### WORK REQUIRED
Each line in the material below, starting at the one that contains "Mercedes-Benz C 180, снимка" and ending at the one that contains "2025 Lincoln NAVIGATOR L RESERVE 4X4", should be repeated exactly; the pictures should not.

### DATA SECTION

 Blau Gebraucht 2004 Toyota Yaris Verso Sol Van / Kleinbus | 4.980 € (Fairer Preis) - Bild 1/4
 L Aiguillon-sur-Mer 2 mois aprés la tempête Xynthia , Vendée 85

...

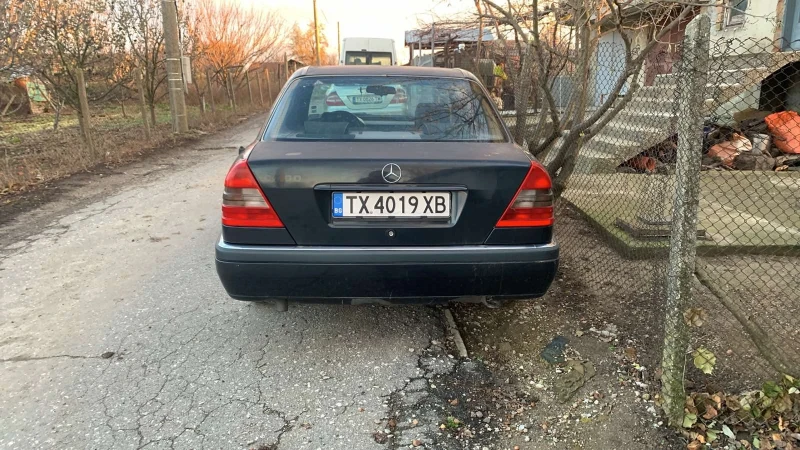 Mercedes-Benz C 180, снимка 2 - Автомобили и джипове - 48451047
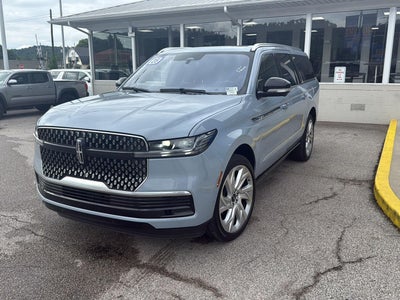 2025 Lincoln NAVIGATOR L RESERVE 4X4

---

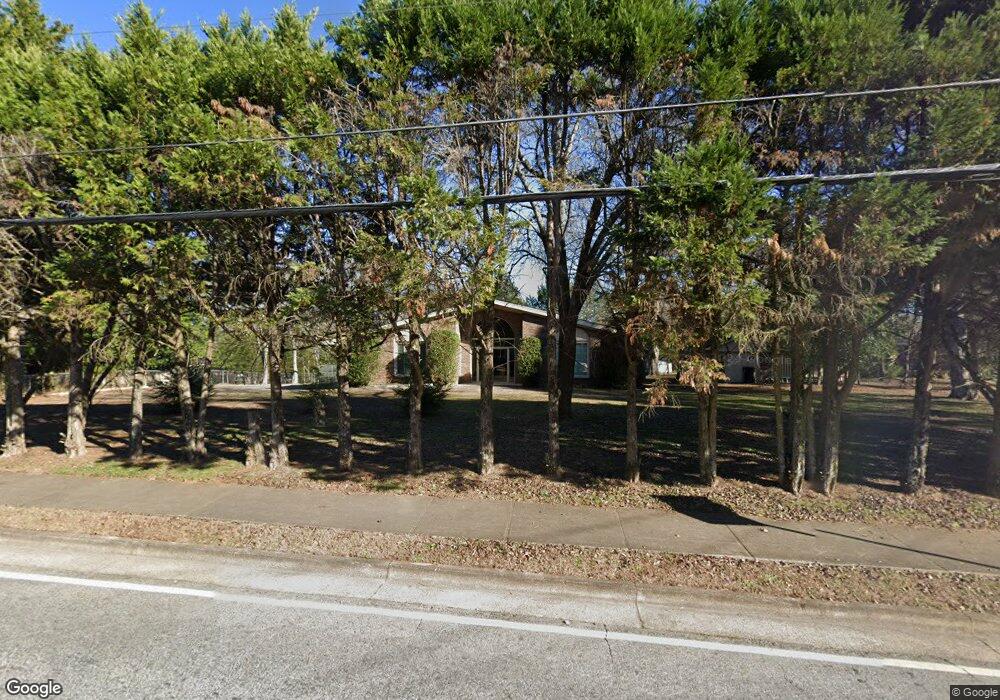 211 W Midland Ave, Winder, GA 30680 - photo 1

### EXERCISE RESPONSE
 Mercedes-Benz C 180, снимка 2 - Автомобили и джипове - 48451047
 2025 Lincoln NAVIGATOR L RESERVE 4X4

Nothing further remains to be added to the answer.